Start of Input material

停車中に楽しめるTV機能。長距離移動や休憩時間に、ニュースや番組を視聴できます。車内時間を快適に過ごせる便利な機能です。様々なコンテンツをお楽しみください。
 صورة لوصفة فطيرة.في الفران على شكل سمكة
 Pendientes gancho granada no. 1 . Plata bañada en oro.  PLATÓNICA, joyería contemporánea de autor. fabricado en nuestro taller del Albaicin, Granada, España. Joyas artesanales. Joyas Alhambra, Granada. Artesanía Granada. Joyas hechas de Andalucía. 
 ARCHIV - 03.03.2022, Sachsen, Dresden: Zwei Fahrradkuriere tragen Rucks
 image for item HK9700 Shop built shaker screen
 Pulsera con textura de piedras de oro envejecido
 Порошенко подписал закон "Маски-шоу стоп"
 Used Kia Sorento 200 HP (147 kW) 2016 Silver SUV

End of Input material

__Work instructions__:
Skip every line before the one containing "Pendientes gancho granada". Retype that line and the rest through the last one exactly as they stand in the listing.

__Completed exercise__:
 Pendientes gancho granada no. 1 . Plata bañada en oro.  PLATÓNICA, joyería contemporánea de autor. fabricado en nuestro taller del Albaicin, Granada, España. Joyas artesanales. Joyas Alhambra, Granada. Artesanía Granada. Joyas hechas de Andalucía. 
 ARCHIV - 03.03.2022, Sachsen, Dresden: Zwei Fahrradkuriere tragen Rucks
 image for item HK9700 Shop built shaker screen
 Pulsera con textura de piedras de oro envejecido
 Порошенко подписал закон "Маски-шоу стоп"
 Used Kia Sorento 200 HP (147 kW) 2016 Silver SUV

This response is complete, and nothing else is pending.